Más que fría, mi casa tiene la tristeza de las que solo se habitan por las noches. Abro la pequeña fresquera de la cocina, comunicada con el frescor del patio a través de una rejilla, y aquí está la cazuelita que mi hermana me deja de vez en cuando. Hoy toca merluza en salsa verde. Paso dos rodajas a una sartén y devuelvo la cazuelita a la fresquera. Mientras termino de ducharme oigo el hervor de la salsa sobre el infiernillo.
Una cosa es la soledad de una casa y otra la ausencia de cierta persona. Al hundir la cuchara en el humeante cafecoleche con sopas recupero a ese alguien.
Hoy duermo a trompicones, asaltado por unos personajes de los que tiendo a pensar que no se sinceran conmigo, cuando la verdad es que, por despiste u olvido, son incapaces de transmitirme cuanto llevan dentro. Todos, excepto uno, el maquiavélico comediante de la función.
Ya conozco a los cuatro sospechosos —¿es razonable haberlos reducido a cuatro desde el principio?—, he conversado con ellos y no se me ha encendido ninguna luz. Todos podían haberlo hecho, incluso Peru Mugarte, nadando. Curiosamente, en todos mis ensueños aparece la carretilla, le he dedicado especial atención porque nos transmite que aquella noche del crimen estuvo llena de improvisaciones, pues nadie que proyecta con tiempo un crimen recurre a una carretilla.
Esta primera improvisación derivó en las siguientes. Subió al pueblo en busca de la víctima para descubrir que no existen improvisaciones sencillas. Por ejemplo: ¿cómo transportar el cuerpo desde Algorta a la playa? En su reciente experiencia en la guerra habría tenido ocasión de cargar con gudaris heridos y el transporte era agotador, incluso en distancias cortas; la de ahora era de las largas. La solución estaba en algo con ruedas. Recorrió las calles próximas en busca de un carro de mano, pero en una guerra todo se guarda de noche tras puertas cerradas. Sin embargo, viejas carretillas de mano no solían merecer tal prevención. Husmeó en jardines y huertas por encima de cercados hasta dar con una. Es lo único consistente en estas conjeturas: el bañero la vio.

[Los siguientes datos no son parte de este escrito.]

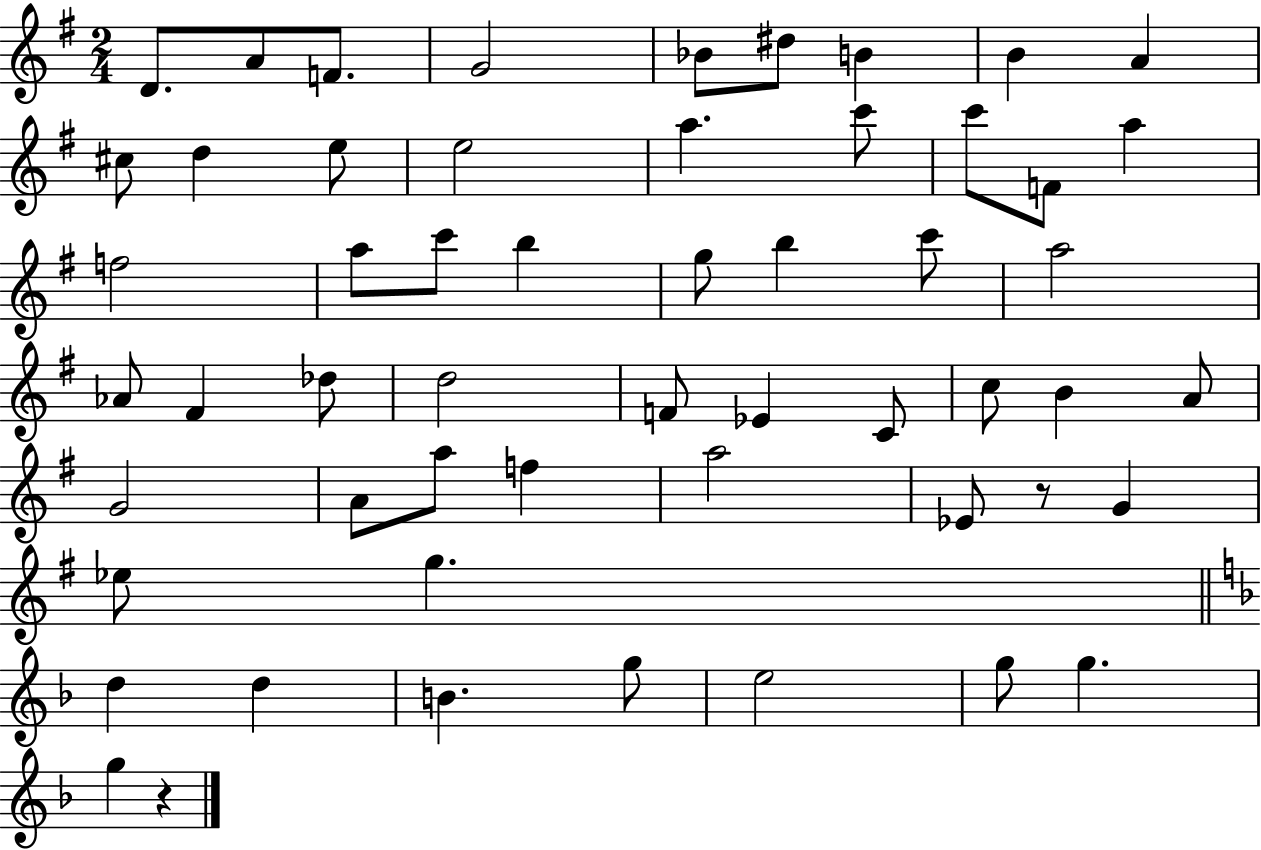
{
  \clef treble
  \numericTimeSignature
  \time 2/4
  \key g \major
  d'8. a'8 f'8. | g'2 | bes'8 dis''8 b'4 | b'4 a'4 | \break cis''8 d''4 e''8 | e''2 | a''4. c'''8 | c'''8 f'8 a''4 | \break f''2 | a''8 c'''8 b''4 | g''8 b''4 c'''8 | a''2 | \break aes'8 fis'4 des''8 | d''2 | f'8 ees'4 c'8 | c''8 b'4 a'8 | \break g'2 | a'8 a''8 f''4 | a''2 | ees'8 r8 g'4 | \break ees''8 g''4. | \bar "||" \break \key f \major d''4 d''4 | b'4. g''8 | e''2 | g''8 g''4. | \break g''4 r4 | \bar "|."
}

La siguiente improvisación era el arma. Había de ser silenciosa, nada de pistolas o cosa parecida que aquellos excombatientes aún conservarían ocultas en camarotes, falsos suelos o huertas; la tierra, como buena madre, resultó ser el arcón más seguro; se enterraban armas de guerra o de caza envueltas en hules engrasados. Pero el criminal necesitaba algo inmediato, es decir, otra improvisación. Había más probabilidad de tropezarse en la calle con algo utilizable como garrote que con un carro. Quizá pensara también en una buena piedra. Ya armado, se apostó frente a la casa disponiendo lengua y labios para su solo musical. ¿Acaso no tuvo en cuenta que quien bajara podía ser el otro hermano? Silbó. Tuvo suerte: Sergio no estaba.

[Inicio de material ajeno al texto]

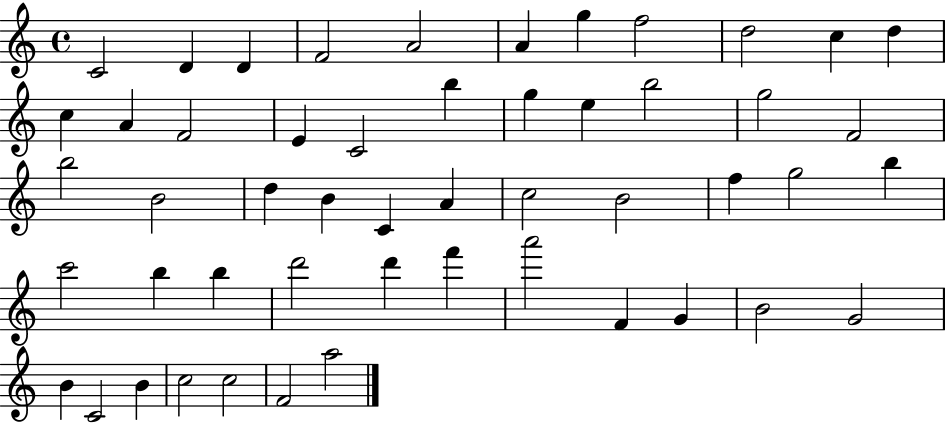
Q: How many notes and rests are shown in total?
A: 51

Esta mañana no espero a que la lechera toque el timbre, la estoy esperando en el descansillo y recojo el puchero y el pan. Hiervo la leche y amaso el cafecoleche.

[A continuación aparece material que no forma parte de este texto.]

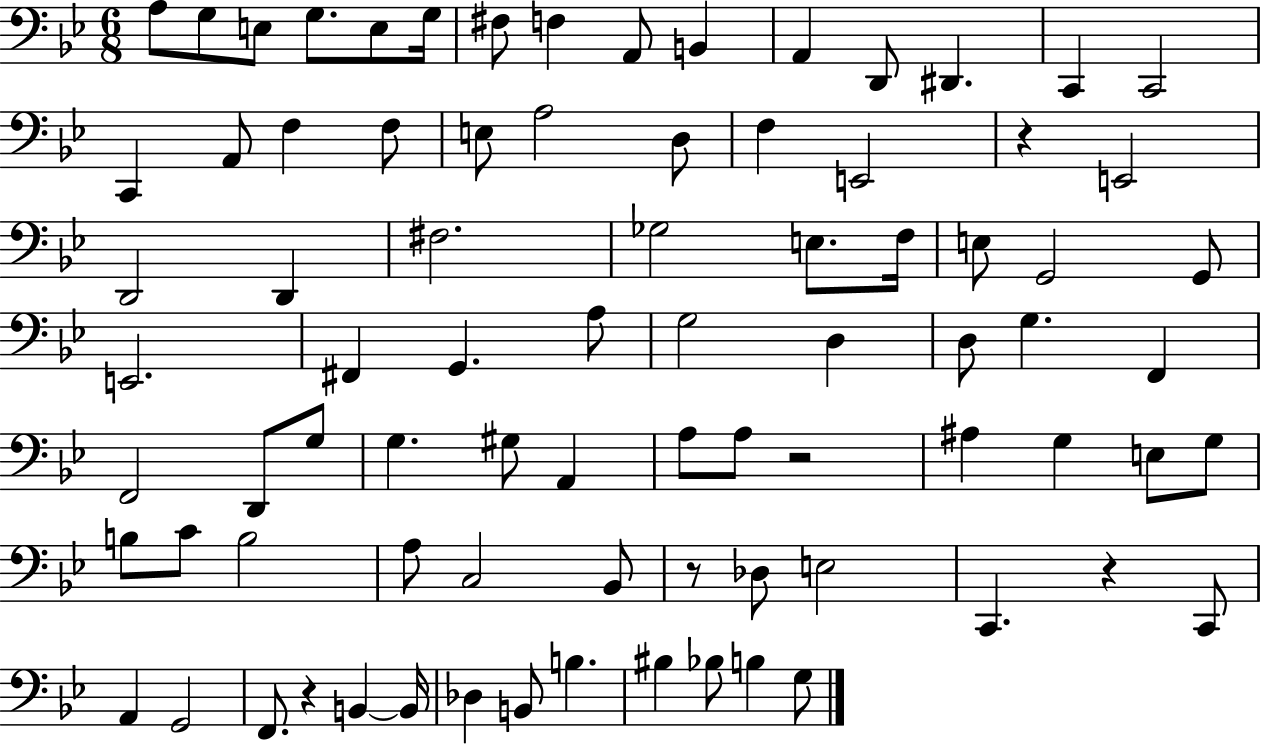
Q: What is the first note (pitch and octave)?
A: A3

—¡La carretilla! —exclamo al pisar la librería—. ¡No solo es lo único fiable que tenemos sino el ombligo de todo!
La expresión de Koldobike enfría mi fogosidad.
—He pasado toda la noche con Fabiola Baskardo —la oigo de muy lejos—. La violaron en la playa una noche de verano del 43.
—¿Fabiola Baskardo?
—Murió hace solo unos meses y ayer supimos tú y yo quién la violó en 1943.
Pocas veces he visto tan destrozada a mi secretaria.
—Vamos, siéntate. —Se sienta—. Fabiola, me suena, ¿quién es?, ¿quién era? —Koldobike me envía una mirada paciente—. ¡Ah, sí, «la Rota»! Hija del gran Camilo Baskardo y de Cristina. Ricos entre los ricos… ¿No te asombra que a veces recuerde cosas de Getxo?
—Una pobre mujer a la deriva. La casaron con un militar sin testículos, «el Roto»… Y ayer estuvo aquí un asqueroso falangista presumiendo de haberla violado.
Me centro en la dinamita de sus palabras.
—¿Cómo lo sabes?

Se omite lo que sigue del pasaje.